First S. Capital Dev. Corp. v. M

Decision Date30 October 2017
Docket NumberB276724
CitationFirst S. Capital Dev. Corp. v. Sheet Metal Workers' Pension Plan , B276724 (Cal. App. Oct 30, 2017)
PartiesFIRST SOUTHERN CAPITAL DEVELOPMENT CORPORATION, Plaintiff and Appellant, v. SHEET METAL WORKERS' PENSION PLAN OF SOUTHERN CALIFORNIA, ARIZONA AND NEVADA et al., Defendants and Respondents.
CourtCalifornia Court of Appeals

NOT TO BE PUBLISHED IN THE OFFICIAL REPORTS

California Rules of Court, rule 8.1115(a), prohibits courts and parties from citing or relying on opinions not certified for publication or ordered published, except as specified by rule 8.1115(b). This opinion has not been certified for publication or ordered published for purposes of rule 8.1115.

(Los Angeles County Super. Ct. No. YC065531)

APPEAL from a judgment of the Superior Court of Los Angeles County, Ramona G. See, Judge. Affirmed.

Kenneth D. Sisco for Plaintiff and Appellant First Southern Capital Development Corporation.

Gilbert & Sackman, Michael D. Weiner and Benjamin M. O'Donnell for Defendants and Respondents Sheet Metal Workers' Pension Plan of Southern California, Arizona and Nevada; Board of Trustees of the Sheet Metal Workers' Pension Plan of Southern California, Arizona and Nevada; Sheet Metal Benefit Plans Administrative Corporation and Melanie Shepherd.

____________________

First Southern Capital Development Corporation appeals from the judgment entered after the trial court granted summary judgment in favor of Sheet Metal Workers' Pension Plan of Southern California, Arizona and Nevada and related parties1 (collectively Pension Plan) on First Southern's complaint for breach of a lease agreement. The trial court concluded, because First Southern was not a party to the lease or a third party beneficiary of that agreement, as a matter of law it could not prevail on its contract claims for damages. We affirm.

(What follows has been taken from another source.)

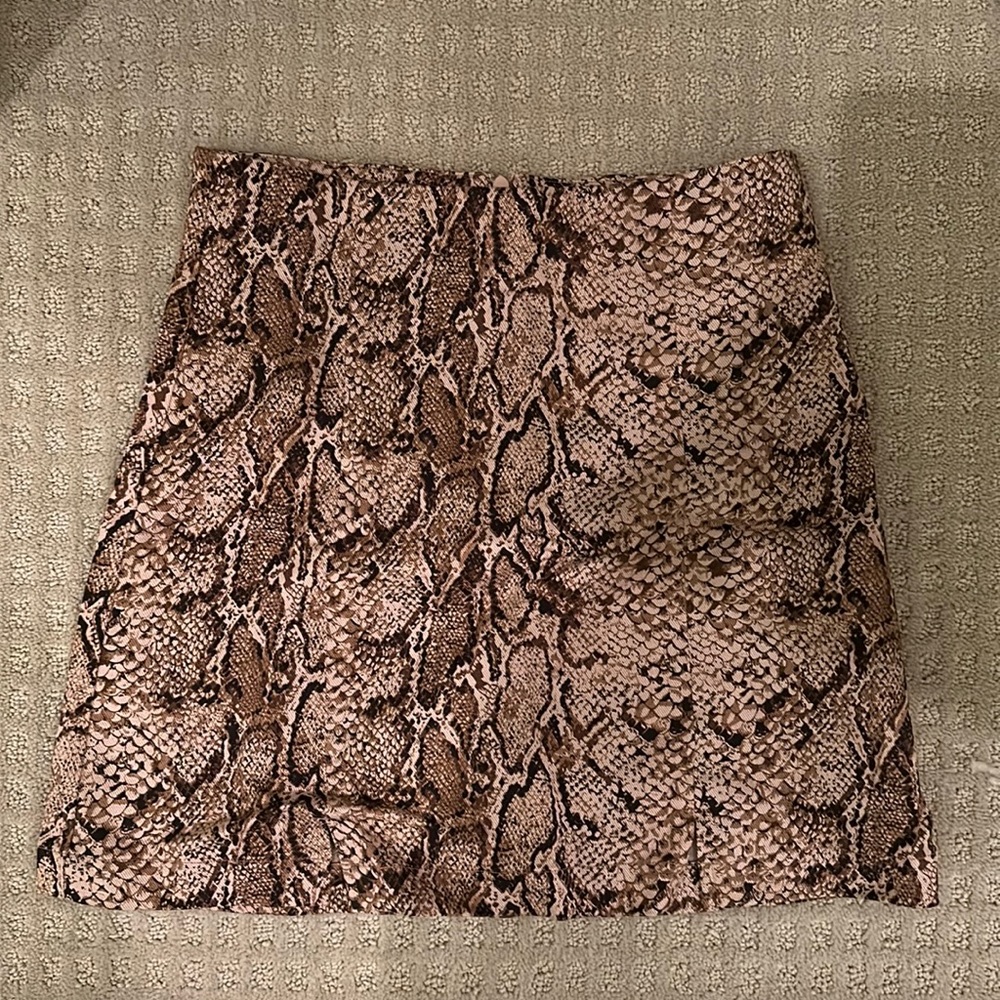 Reformation Mini Skirt Snake Print Size XS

FACTUAL AND PROCEDURAL BACKGROUND
1. The Commercial Lease

Pension Plan owns Manhattan Plaza, an office building located in Manhattan Beach. In June 2009 Pension Plan entered into a new five-year lease with Aviation Mortgage Partners, Inc., doing business as Milestone Mortgage. Richard Thomas andDenise Thomas, Aviation Mortgage's shareholders and executive officers, personally guaranteed the lease on Aviation Mortgage's behalf.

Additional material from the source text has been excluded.